Cependant, Abbas Araghchi, ministre iranien des Affaires étrangères, a précisé lors d’une entrevue sur Al Jazeera que l’Iran n’était pas en "négociations" avec les États-Unis, mais envisageait des "échanges" qui incluent des menaces.
Le président iranien, Massoud Pezechkian, a exprimé la volonté de son pays de "mettre fin à la guerre", à condition d’obtenir des garanties pour éviter toute nouvelle agression.
Le sujet délicat du détroit d'Ormuz
Trump a également signalé qu'il n’était pas prêt à entamer des discussions sur un cessez-le-feu tant que le détroit d'Ormuz, un passage stratégique pour le commerce maritime, n'était pas entièrement libre.

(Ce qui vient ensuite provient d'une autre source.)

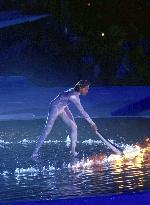 Aborigine running heroine Freeman lights the Olympic flame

Les Gardiens de la Révolution iraniens ont réagi en affirmant que le détroit restera inaccessible pour les "ennemis" de la nation, affirmant que la situation maritime est complètement sous leur contrôle. Leur communiqué, diffusé par la chaîne d'État, indique que les menaces américaines sont des gesticulations "ridicules".
Le blocage de ce passage stratégique a entraîné une flambée des prix de l'énergie et un choc dans l'industrie pétrochimique mondiale. Trump a également suggéré que les États-Unis, grâce à leur production de pétrole domestique, peuvent se passer de ces approvisionnements, exhortant la France et d'autres nations à "se débrouiller".[source]

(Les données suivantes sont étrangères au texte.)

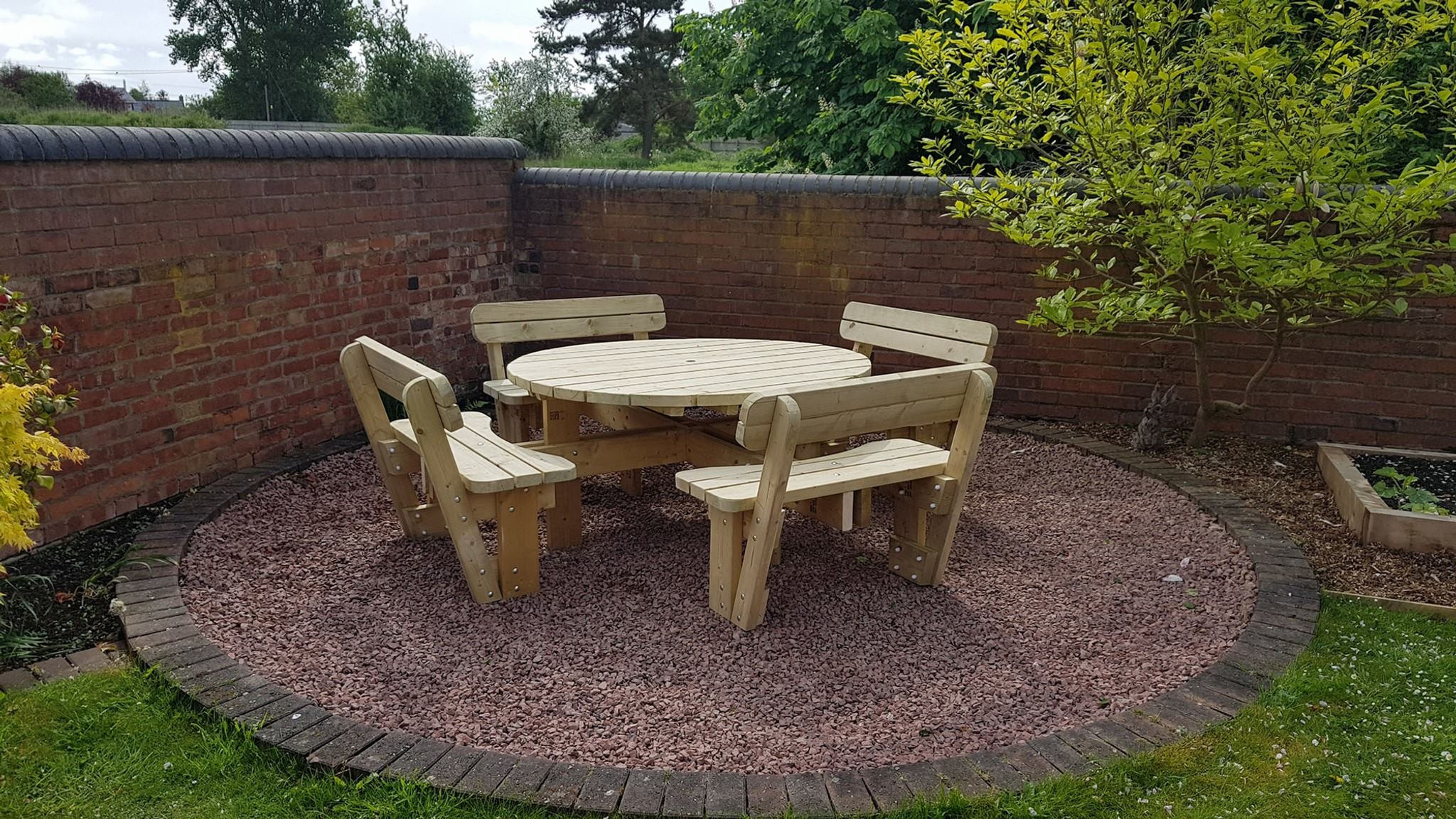 8-Seater Round Garden Table Set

Les frappes américaines se poursuivent
Malgré ces déclarations, Trump a menacé de poursuivre les frappes contre l'Iran, déclarant que son objectif était de "réduire l’Iran à néant" ou de "le ramener à l’âge de pierre". Ces frappes ont déjà causé des dégâts significatifs dans des complexes sidérurgiques en Iran, comme l’a rapporté l'agence Fars, précisant que des attaques massives ont endommagé la compagnie sidérurgique Mobarakeh, l'une des plus grandes du pays.
Selon cette source, d'autres installations, comme Sefid Dasht, ont également subi des dommages importants suite aux frappes israélo-américaines.